The mission of the Regional Writing Centre is to engage both students and staff in a burgeoning national conversation on writing and to thereby provide all students and staff who avail of our resource with a framework for developing into effective, efficient, persuasive scholarly writers and writing mentors.

History of the Regional Writing Centre

In 2006, €27,000 was awarded to Caroline Graham, Director, University of Limerick Language Centre, and Dr Angela Chambers, Professor of Applied Languages, to develop a number of Writing Centre activities and an academic business plan for the creation of a Writing Centre in UL.

Subsequent to that initial award, Sarah Moore, Dean of UL's Centre for Teaching and Learning, assisted with the expansion of the UL application to take advantage of the newly announced HEA, Strategic Innovation Fund (SIF) context.

Subsequently, UL was successfully awarded a 2.5-year, €250,000 budget to fund the creation of the Shannon Consortium Regional Writing Centre.

An inter-institutional initiative based in UL, serving as a nexus of writing activities at the four institutions, the Shannon Consortium Regional Writing Centre won its award on the strength of its recognition of the centrality of writing to teaching and learning in higher education and the importance of writing for not only the dissemination but also the discovery and creation of knowledge.
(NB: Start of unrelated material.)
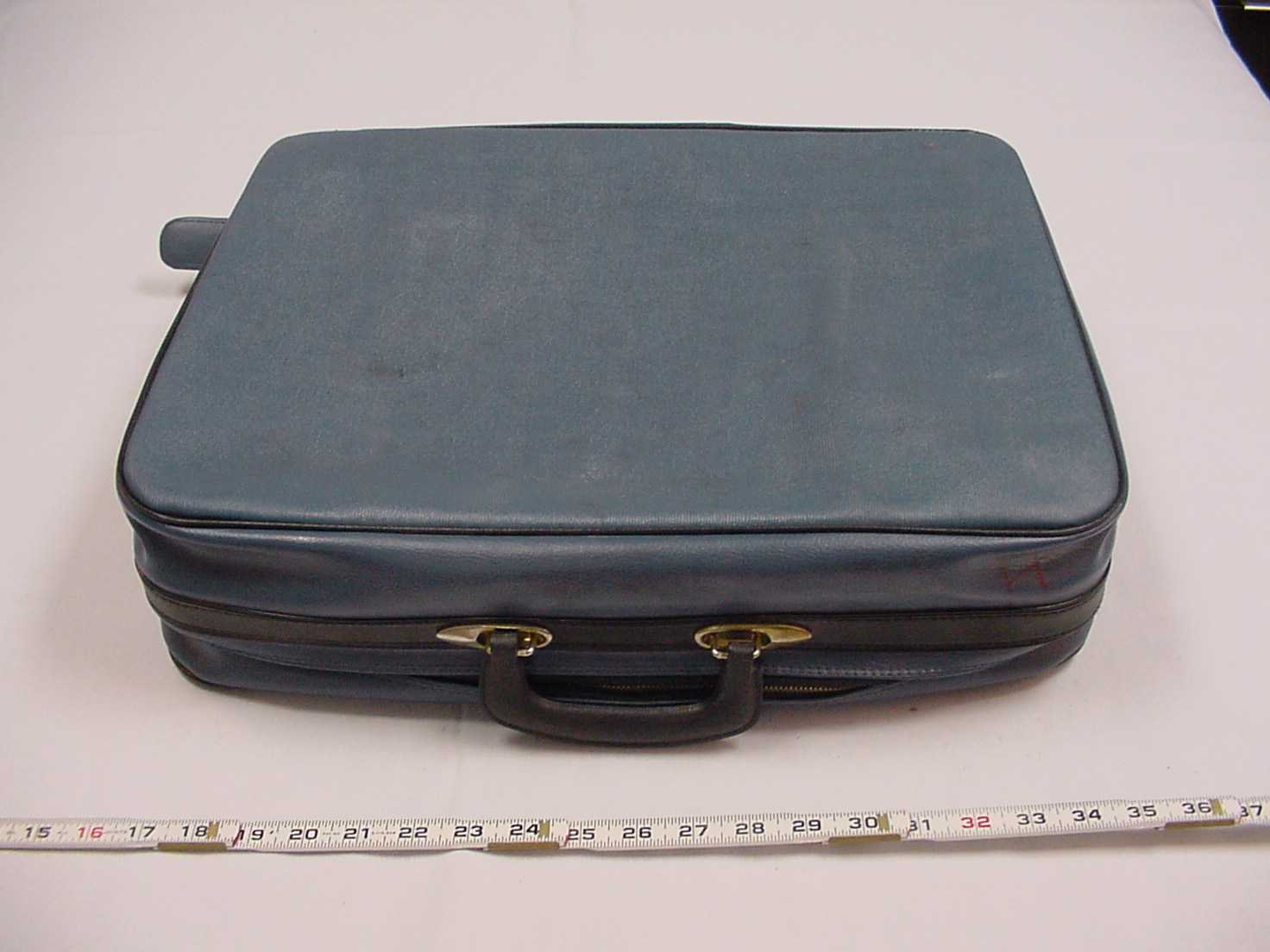 blue suitcase.jpg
Seeing the great value of the Writing Centre to the furtherance of many of the university's strategic goals and envisaging the centre's eventual value to the wider off-campus community, the university's administration mainstreamed the Writing Centre at the end of its SIF contract in 2009, placing it under the auspices of the Centre for Teaching and Learning and assuming responsibility for its financial support.

The Regional Writing Centre today

Today the re-titled Regional Writing Centre, UL, continues in its support of undergraduate and postgraduate student writers and collaboration with faculty to develop their own writing and to expand writing-based curriculum innovations.

While writing centres have flourished in American universities since the late 1960s, the Regional Writing Centre is the first of its kind in Ireland.

The value of the Centre is its contribution to the academic success and future professional development of students and staff at UL and its aspirations for writing development for the region.